No sé si es el tumulto de tanta gente junta, la necesidad imperiosa de sacudirme una emoción que se me atraganta en el cuello o sólo es un dejarme llevar sereno, silencioso, inexplicable: justo en el momento que él grita “ya es hora de que gane el pueblo”, justo cuando veo a la mujer que está a mi lado, una mujer casi anciana, el cabello cano, hirsuto, la boca sin dientes, la banderita amarilla atenazada en la mano, los ojos vidriosos que miran sin parpadeos a la pantalla, como quien pide una esperanza, yo ya no hago mucho por detener el contagio, las lágrimas que me brotan como truenos.

Comienzo a llorar.

Así, a lo macho. Como se chilla de emoción cuando se gana algo. Como se lagrimea al recibir una buena noticia largamente esperada.

En medio de miles que estamos hacinados como frijoles refritos en la plancha del Palacio de Bellas Artes, el lugar más cercano al Zócalo que puedo encontrar, comienzo a llorar como un chamaco.

Y no tengo una manera objetiva de decir esto, porque no tengo memoria para describir lo que ven mis ojos.

Yo, que he debido vivir tumultos zocaleros centenares de veces, que me ha tocado reportear cientos de marchas, mítines, primeros de mayo, cierres de campaña, festejos futboleros, desafueros, protestas, no tengo memoria suficiente para dimensionar lo grueso del gentío.

En su cierre de campaña, el candidato presidencial de las izquierdas, Andrés Manuel López Obrador, no ha llenado el Zócalo, ha desbordado el Centro Histórico de la ciudad de México, que dejó de gobernar hace siete años.

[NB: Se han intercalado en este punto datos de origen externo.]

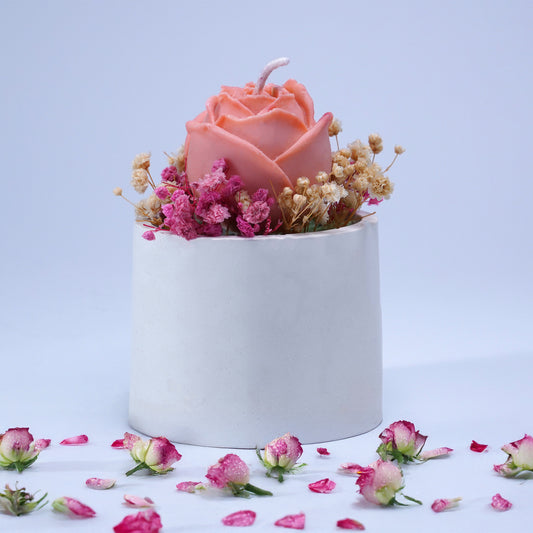 Rosera – Rose Shaped Candle with Cement Base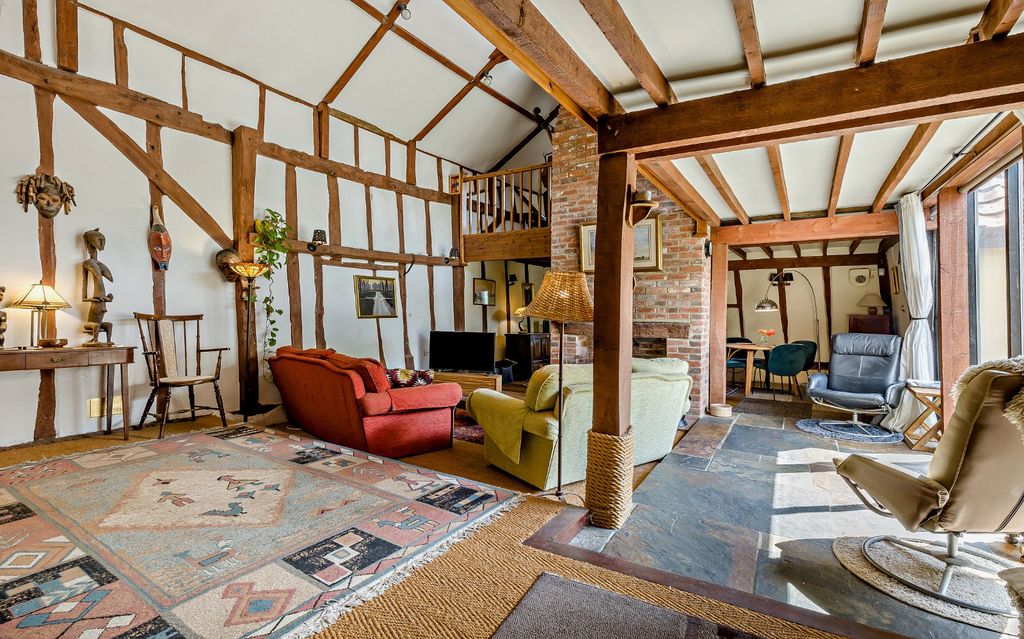 Property photo 2 of 22 Sitting Room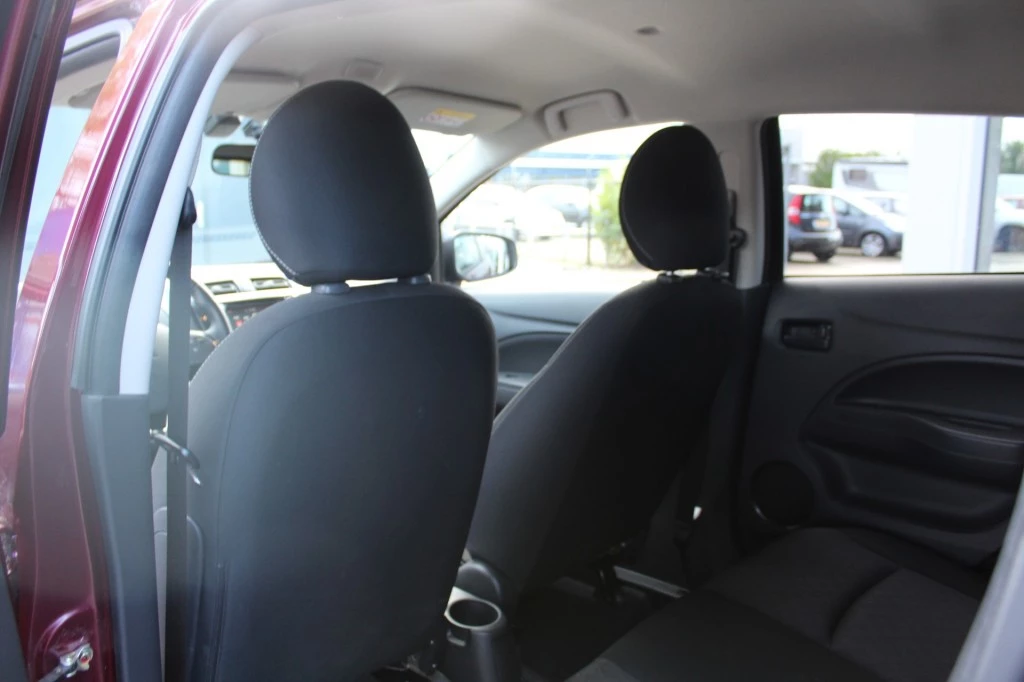 Hoofdafbeelding Mitsubishi Space Star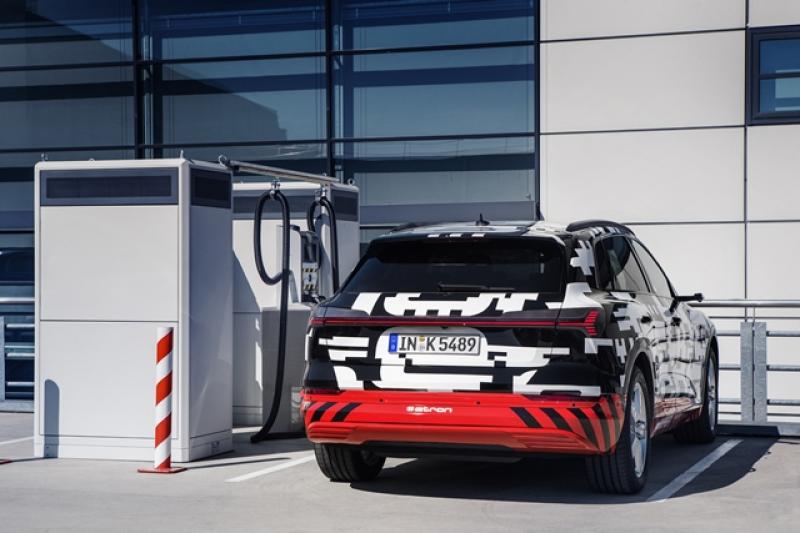 Audi e-tron prototype 適用行動充電站及家用充電多元系統，並通過 WLTP 測試，最大續航力超過 400 公里。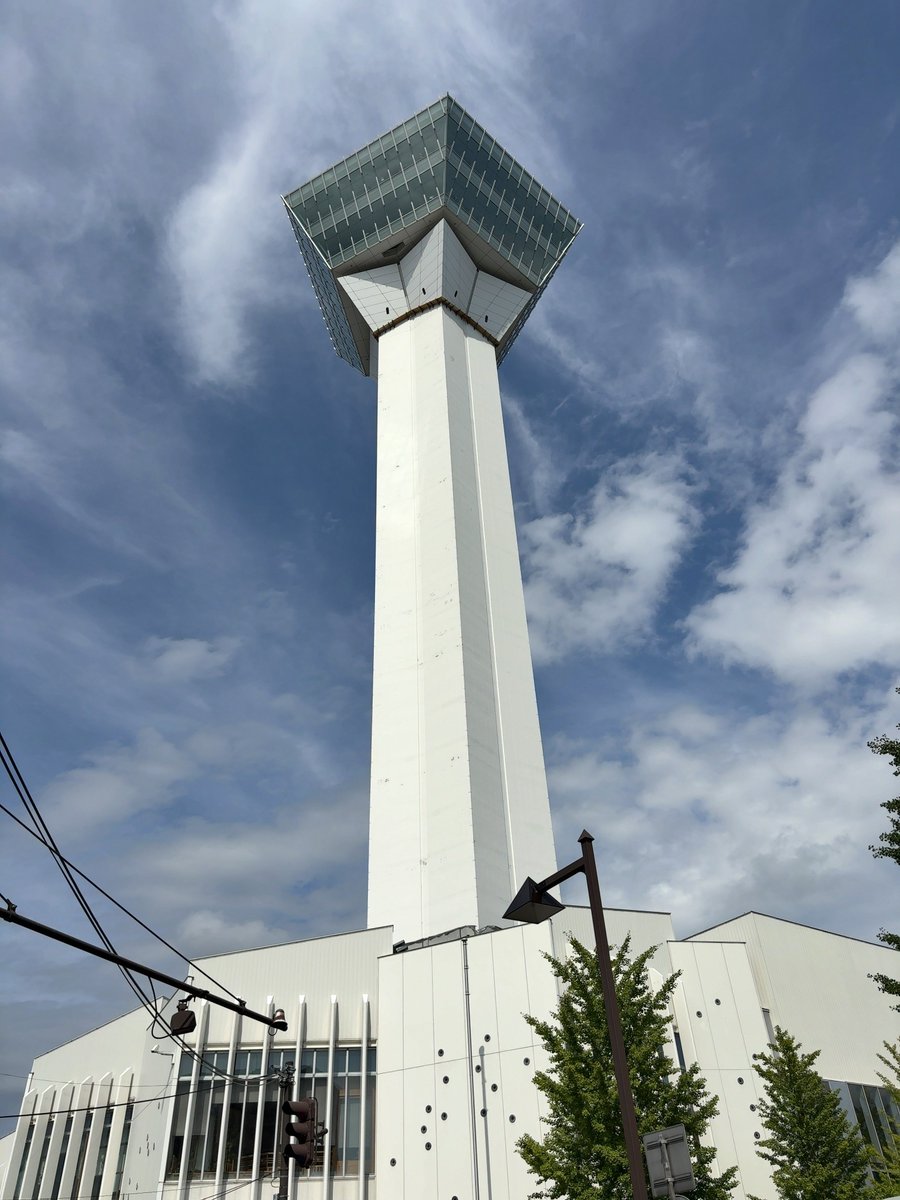 hako_cube's tweet photo. 15年ぶりの五稜郭タワーと、リベンジ函館山でした https://t.co/98U0vKX9WE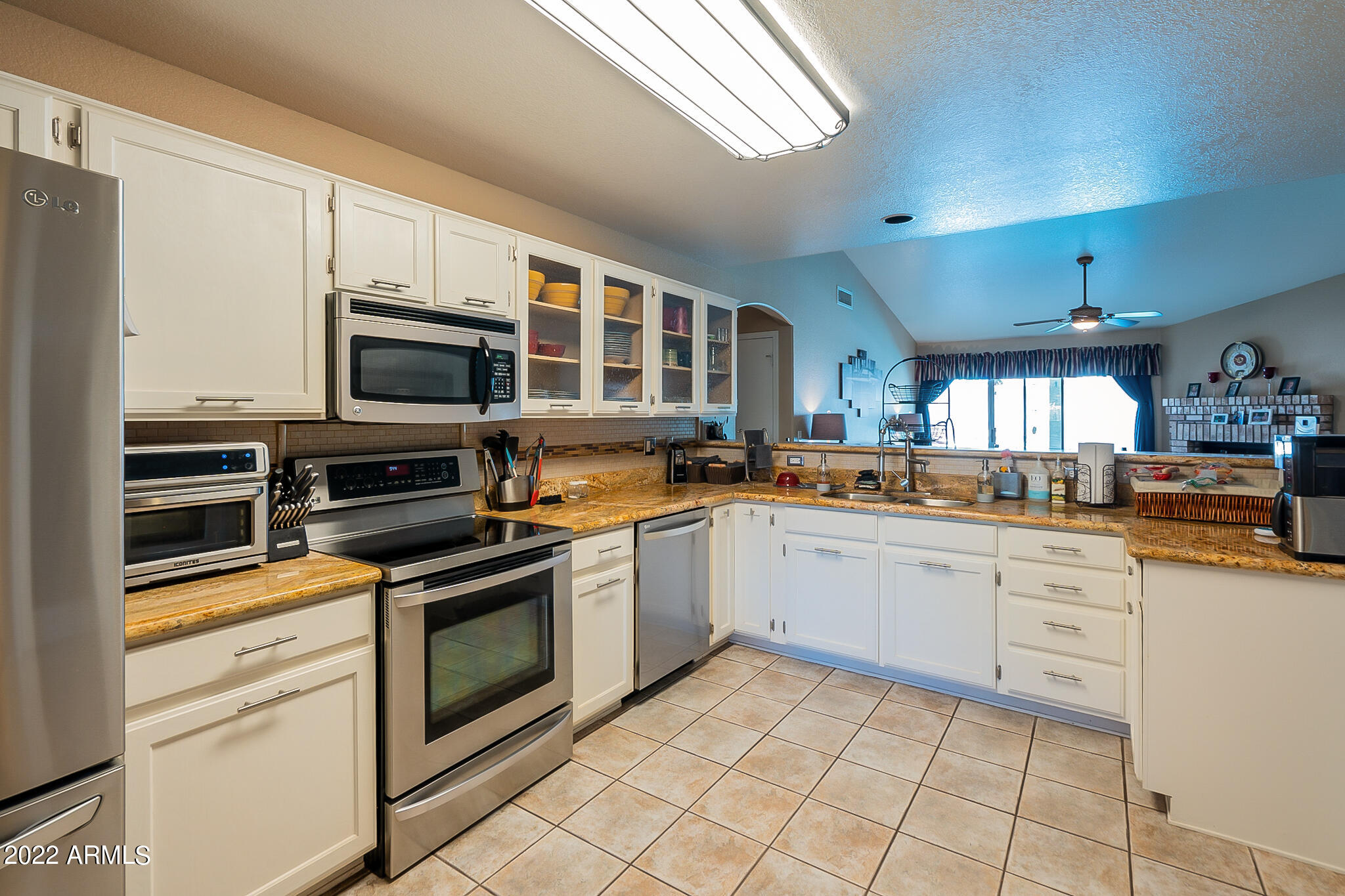 8964 W TUCKEY Lane
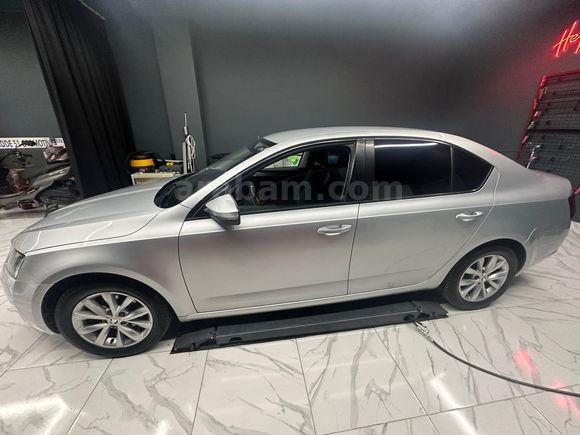 Sahibinden Skoda Octavia 1.6 TDI Style 2018 Model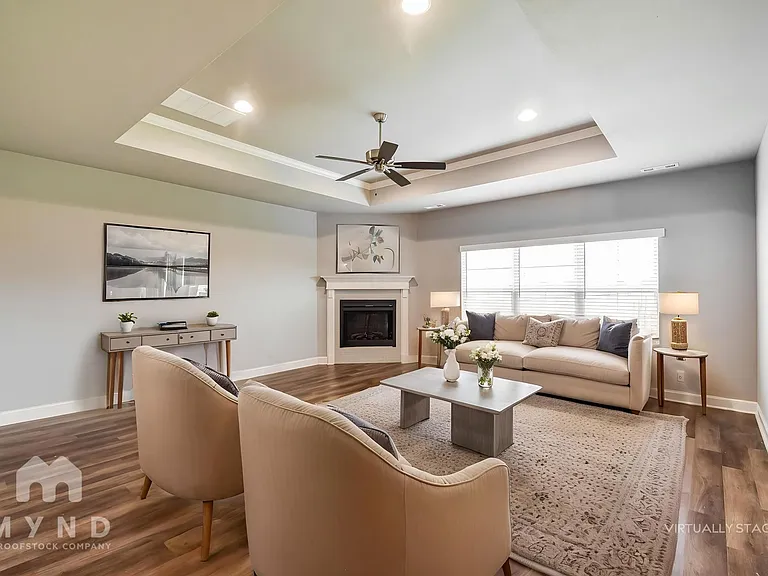 5903 SW Gentle Winds Ave — Photo 3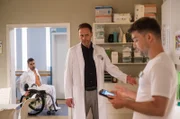Kris Haas (Jascha Rust, re.) muss sich vor Chefarzt Dr. Kai Hoffmann (Julian Weigend, mi.) rechtfertigen, da bei einem Patienten ein falsches Mittel am Tropf hängt. Kai ist über die Maßen aufgebracht. So etwas darf nicht passieren. Doch Dr. Ilay Demir (Tan Caglar, li.), der zufällig Zeuge wird, hat auch etwas dazu zu sagen.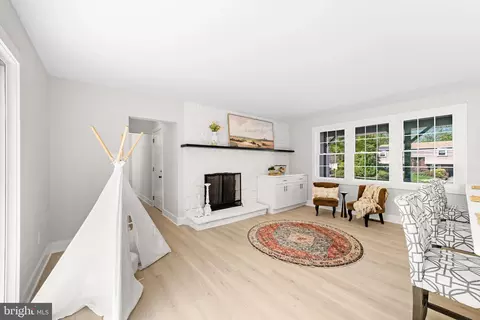 129 Juniper Ave, Berlin, NJ 08009 photo 9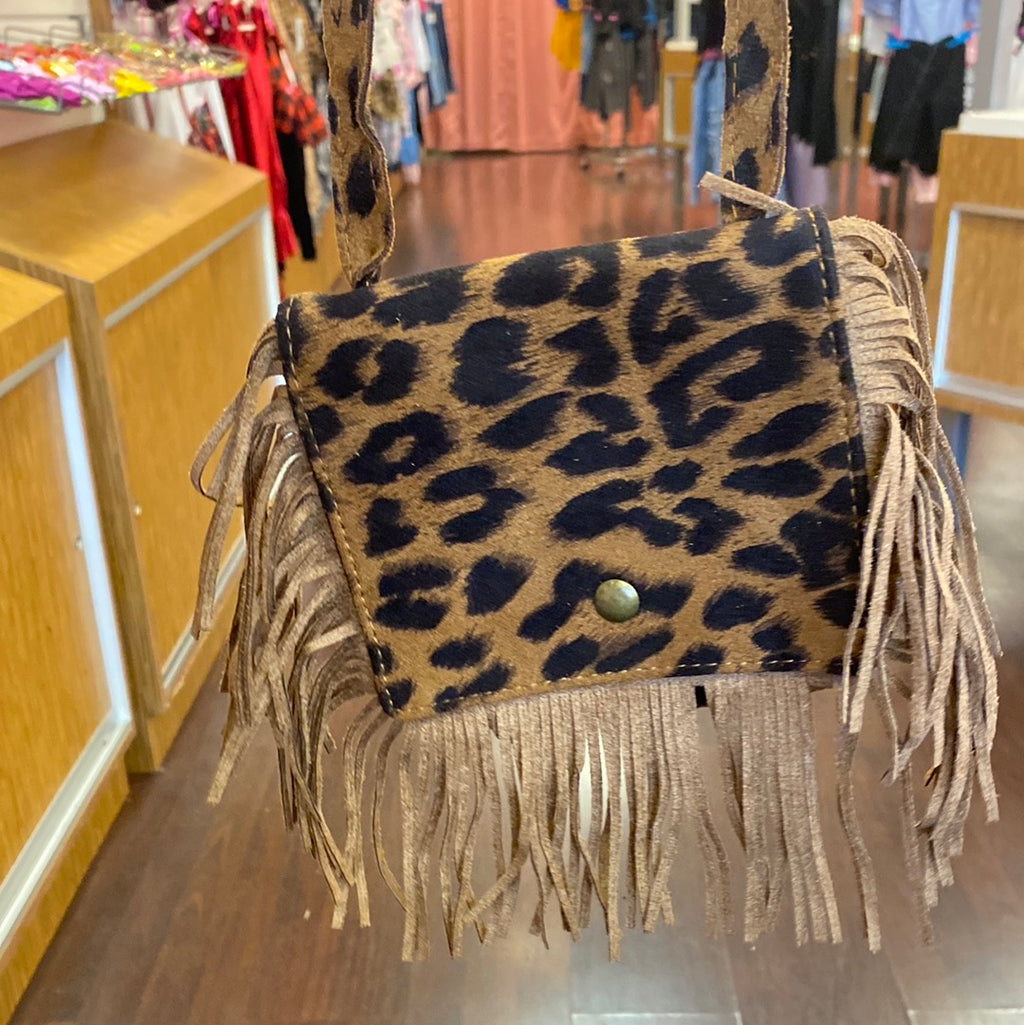 Leopard ruffle purse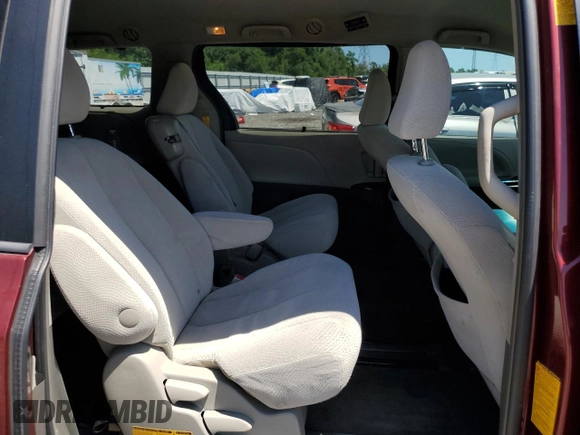 2014 Toyota Sienna LE AAS z VIN 5TDKK3DC6ES497651, wystawiony jako Copart lot #53358245 z przebiegiem 233 102 mil mil oraz Szkody całkowita. Historia ofert i sprzedaży dostępna na DreamBid. Obrazek 11.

Porque no hay cientos, ni miles, ni decenas de miles. Somos centenares de miles, en miércoles por la tarde, que nos reunimos ahí, que marchamos, que gritamos, que bailamos, que festejamos desde el Ángel de la Independencia hasta el lugar al que podamos llegar, para compartir una idea, “ya es hora de que gane el pueblo”, y una emoción que estalla: «así como me quieren, así los quiero yo».

“Es un honor estar con Obrador”, gritan siete chamacos al unísono, armados con un largo pedazo de tela verde y una caja de cartón pintada con lo que pretende ser una efigie de Quetzalcóatl.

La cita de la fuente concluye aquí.